Task directions
Find the lines in these entries that include the word "Halloween" and state how many there are, with no other words.

Data in this exercise
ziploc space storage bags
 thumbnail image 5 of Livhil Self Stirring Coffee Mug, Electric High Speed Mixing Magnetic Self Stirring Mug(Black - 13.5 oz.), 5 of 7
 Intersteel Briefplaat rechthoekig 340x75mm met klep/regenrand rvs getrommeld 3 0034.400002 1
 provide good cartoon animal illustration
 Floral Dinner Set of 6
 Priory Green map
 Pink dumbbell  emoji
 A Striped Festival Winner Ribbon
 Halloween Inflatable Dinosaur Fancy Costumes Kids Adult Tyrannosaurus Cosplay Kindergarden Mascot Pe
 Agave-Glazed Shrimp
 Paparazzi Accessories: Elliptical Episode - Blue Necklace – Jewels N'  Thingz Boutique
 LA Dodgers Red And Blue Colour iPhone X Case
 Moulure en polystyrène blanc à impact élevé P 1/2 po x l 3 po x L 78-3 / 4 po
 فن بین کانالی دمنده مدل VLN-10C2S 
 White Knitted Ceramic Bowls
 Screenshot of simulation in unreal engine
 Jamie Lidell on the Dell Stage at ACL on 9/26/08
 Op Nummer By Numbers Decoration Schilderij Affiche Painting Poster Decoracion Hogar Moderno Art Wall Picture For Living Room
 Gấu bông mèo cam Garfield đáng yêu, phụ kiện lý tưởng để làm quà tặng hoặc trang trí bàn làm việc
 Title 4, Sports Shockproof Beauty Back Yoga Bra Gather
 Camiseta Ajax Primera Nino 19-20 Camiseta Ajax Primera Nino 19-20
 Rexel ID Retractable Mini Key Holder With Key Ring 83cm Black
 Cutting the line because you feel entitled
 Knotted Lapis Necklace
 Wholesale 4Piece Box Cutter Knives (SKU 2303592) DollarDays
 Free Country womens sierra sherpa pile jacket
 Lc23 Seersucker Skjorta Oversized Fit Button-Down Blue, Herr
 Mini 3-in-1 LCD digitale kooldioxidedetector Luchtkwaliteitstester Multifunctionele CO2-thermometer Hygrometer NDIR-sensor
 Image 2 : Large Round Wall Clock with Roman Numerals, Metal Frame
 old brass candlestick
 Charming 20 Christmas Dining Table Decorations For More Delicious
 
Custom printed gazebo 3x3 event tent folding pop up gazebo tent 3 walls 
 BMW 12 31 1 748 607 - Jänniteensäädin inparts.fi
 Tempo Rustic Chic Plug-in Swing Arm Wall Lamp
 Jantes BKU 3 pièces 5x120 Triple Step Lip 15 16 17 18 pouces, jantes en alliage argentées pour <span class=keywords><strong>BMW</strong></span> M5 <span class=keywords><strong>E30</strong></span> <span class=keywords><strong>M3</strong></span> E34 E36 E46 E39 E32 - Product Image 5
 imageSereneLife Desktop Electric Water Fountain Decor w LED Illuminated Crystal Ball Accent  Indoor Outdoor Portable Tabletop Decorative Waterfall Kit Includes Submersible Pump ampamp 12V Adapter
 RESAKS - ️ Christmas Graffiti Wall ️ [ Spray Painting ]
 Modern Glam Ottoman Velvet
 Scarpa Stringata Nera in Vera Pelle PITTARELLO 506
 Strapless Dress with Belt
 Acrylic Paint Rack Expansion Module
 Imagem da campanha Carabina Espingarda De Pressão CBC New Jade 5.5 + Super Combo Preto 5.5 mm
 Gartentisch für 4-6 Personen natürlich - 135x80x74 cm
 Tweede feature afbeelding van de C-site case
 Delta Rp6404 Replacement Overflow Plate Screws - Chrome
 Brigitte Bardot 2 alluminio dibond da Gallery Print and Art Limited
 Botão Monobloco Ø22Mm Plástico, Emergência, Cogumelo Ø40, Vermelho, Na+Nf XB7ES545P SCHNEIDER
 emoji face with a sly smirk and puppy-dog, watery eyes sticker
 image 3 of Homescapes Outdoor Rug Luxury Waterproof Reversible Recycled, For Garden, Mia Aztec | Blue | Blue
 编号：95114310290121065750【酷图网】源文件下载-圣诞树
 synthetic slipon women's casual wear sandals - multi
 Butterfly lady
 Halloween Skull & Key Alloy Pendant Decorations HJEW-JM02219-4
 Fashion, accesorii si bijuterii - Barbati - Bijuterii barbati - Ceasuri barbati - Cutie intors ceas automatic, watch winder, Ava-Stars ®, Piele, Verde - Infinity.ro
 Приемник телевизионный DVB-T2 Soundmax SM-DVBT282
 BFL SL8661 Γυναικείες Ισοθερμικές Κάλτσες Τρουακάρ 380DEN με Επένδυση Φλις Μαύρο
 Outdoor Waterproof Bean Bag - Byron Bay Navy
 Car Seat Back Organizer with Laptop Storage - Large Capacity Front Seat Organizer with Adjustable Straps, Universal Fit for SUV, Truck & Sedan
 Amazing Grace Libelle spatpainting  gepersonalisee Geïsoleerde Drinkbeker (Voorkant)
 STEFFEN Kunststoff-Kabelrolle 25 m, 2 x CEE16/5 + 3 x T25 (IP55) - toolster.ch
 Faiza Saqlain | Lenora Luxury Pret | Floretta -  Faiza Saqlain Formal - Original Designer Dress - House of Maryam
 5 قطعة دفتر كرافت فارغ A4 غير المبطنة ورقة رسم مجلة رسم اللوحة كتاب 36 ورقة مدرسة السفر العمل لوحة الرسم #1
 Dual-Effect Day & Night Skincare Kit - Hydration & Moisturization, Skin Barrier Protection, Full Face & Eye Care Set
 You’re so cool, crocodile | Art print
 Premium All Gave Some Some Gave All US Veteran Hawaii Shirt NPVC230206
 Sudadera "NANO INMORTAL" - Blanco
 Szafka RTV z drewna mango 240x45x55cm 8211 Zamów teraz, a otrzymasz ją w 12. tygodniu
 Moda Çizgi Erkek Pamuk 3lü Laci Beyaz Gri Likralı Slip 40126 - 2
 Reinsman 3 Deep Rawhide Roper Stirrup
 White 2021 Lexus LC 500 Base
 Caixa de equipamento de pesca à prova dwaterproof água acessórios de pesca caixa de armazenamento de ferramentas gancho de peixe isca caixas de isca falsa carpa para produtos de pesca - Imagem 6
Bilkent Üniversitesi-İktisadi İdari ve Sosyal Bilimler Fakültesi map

Response box
2